(Short descriptive text snippets)
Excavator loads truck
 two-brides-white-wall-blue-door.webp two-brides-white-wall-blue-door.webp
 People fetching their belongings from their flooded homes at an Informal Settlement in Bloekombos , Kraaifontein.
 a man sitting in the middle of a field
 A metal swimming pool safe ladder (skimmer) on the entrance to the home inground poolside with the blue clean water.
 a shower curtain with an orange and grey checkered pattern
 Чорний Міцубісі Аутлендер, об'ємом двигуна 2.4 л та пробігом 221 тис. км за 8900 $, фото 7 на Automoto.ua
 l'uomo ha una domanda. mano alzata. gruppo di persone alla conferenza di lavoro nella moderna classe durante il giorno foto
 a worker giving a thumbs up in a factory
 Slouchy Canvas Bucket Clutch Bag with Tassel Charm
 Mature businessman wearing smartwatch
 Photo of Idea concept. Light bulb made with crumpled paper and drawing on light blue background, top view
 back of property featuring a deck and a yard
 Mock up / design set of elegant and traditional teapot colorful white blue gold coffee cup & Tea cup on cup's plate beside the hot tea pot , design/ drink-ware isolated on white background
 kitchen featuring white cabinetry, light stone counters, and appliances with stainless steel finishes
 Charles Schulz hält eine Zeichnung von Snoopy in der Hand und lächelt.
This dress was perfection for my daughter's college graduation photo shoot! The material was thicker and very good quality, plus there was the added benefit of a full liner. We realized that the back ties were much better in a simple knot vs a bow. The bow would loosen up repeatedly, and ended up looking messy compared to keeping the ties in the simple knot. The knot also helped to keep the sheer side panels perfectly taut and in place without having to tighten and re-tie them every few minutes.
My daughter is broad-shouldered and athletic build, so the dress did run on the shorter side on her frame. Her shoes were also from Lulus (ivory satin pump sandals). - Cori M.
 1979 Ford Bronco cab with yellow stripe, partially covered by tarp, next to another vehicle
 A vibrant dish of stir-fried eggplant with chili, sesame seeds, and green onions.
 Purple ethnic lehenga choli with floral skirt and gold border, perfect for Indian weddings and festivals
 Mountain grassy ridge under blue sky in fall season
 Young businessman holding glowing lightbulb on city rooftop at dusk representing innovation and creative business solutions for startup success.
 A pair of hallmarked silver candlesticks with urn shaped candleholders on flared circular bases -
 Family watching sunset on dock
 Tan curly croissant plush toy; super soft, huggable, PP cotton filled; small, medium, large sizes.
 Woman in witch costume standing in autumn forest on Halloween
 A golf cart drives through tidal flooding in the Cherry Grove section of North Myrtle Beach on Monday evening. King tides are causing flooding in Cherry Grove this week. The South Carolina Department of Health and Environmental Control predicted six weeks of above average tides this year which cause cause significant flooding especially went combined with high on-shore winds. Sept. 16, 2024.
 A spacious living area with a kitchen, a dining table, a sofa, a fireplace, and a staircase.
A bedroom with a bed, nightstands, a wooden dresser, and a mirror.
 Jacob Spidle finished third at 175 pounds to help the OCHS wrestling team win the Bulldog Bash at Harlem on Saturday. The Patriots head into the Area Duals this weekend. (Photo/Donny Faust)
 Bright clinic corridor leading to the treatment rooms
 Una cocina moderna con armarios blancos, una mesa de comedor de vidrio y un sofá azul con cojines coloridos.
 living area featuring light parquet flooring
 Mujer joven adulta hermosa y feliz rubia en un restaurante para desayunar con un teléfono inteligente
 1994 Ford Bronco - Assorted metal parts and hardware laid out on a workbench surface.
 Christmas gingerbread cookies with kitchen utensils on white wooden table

▶ [Aim of the exercise]
Each line of the data is to be written out again exactly.

▶ [Solution]
Excavator loads truck
 two-brides-white-wall-blue-door.webp two-brides-white-wall-blue-door.webp
 People fetching their belongings from their flooded homes at an Informal Settlement in Bloekombos , Kraaifontein.
 a man sitting in the middle of a field
 A metal swimming pool safe ladder (skimmer) on the entrance to the home inground poolside with the blue clean water.
 a shower curtain with an orange and grey checkered pattern
 Чорний Міцубісі Аутлендер, об'ємом двигуна 2.4 л та пробігом 221 тис. км за 8900 $, фото 7 на Automoto.ua
 l'uomo ha una domanda. mano alzata. gruppo di persone alla conferenza di lavoro nella moderna classe durante il giorno foto
 a worker giving a thumbs up in a factory
 Slouchy Canvas Bucket Clutch Bag with Tassel Charm
 Mature businessman wearing smartwatch
 Photo of Idea concept. Light bulb made with crumpled paper and drawing on light blue background, top view
 back of property featuring a deck and a yard
 Mock up / design set of elegant and traditional teapot colorful white blue gold coffee cup & Tea cup on cup's plate beside the hot tea pot , design/ drink-ware isolated on white background
 kitchen featuring white cabinetry, light stone counters, and appliances with stainless steel finishes
 Charles Schulz hält eine Zeichnung von Snoopy in der Hand und lächelt.
This dress was perfection for my daughter's college graduation photo shoot! The material was thicker and very good quality, plus there was the added benefit of a full liner. We realized that the back ties were much better in a simple knot vs a bow. The bow would loosen up repeatedly, and ended up looking messy compared to keeping the ties in the simple knot. The knot also helped to keep the sheer side panels perfectly taut and in place without having to tighten and re-tie them every few minutes.
My daughter is broad-shouldered and athletic build, so the dress did run on the shorter side on her frame. Her shoes were also from Lulus (ivory satin pump sandals). - Cori M.
 1979 Ford Bronco cab with yellow stripe, partially covered by tarp, next to another vehicle
 A vibrant dish of stir-fried eggplant with chili, sesame seeds, and green onions.
 Purple ethnic lehenga choli with floral skirt and gold border, perfect for Indian weddings and festivals
 Mountain grassy ridge under blue sky in fall season
 Young businessman holding glowing lightbulb on city rooftop at dusk representing innovation and creative business solutions for startup success.
 A pair of hallmarked silver candlesticks with urn shaped candleholders on flared circular bases -
 Family watching sunset on dock
 Tan curly croissant plush toy; super soft, huggable, PP cotton filled; small, medium, large sizes.
 Woman in witch costume standing in autumn forest on Halloween
 A golf cart drives through tidal flooding in the Cherry Grove section of North Myrtle Beach on Monday evening. King tides are causing flooding in Cherry Grove this week. The South Carolina Department of Health and Environmental Control predicted six weeks of above average tides this year which cause cause significant flooding especially went combined with high on-shore winds. Sept. 16, 2024.
 A spacious living area with a kitchen, a dining table, a sofa, a fireplace, and a staircase.
A bedroom with a bed, nightstands, a wooden dresser, and a mirror.
 Jacob Spidle finished third at 175 pounds to help the OCHS wrestling team win the Bulldog Bash at Harlem on Saturday. The Patriots head into the Area Duals this weekend. (Photo/Donny Faust)
 Bright clinic corridor leading to the treatment rooms
 Una cocina moderna con armarios blancos, una mesa de comedor de vidrio y un sofá azul con cojines coloridos.
 living area featuring light parquet flooring
 Mujer joven adulta hermosa y feliz rubia en un restaurante para desayunar con un teléfono inteligente
 1994 Ford Bronco - Assorted metal parts and hardware laid out on a workbench surface.
 Christmas gingerbread cookies with kitchen utensils on white wooden table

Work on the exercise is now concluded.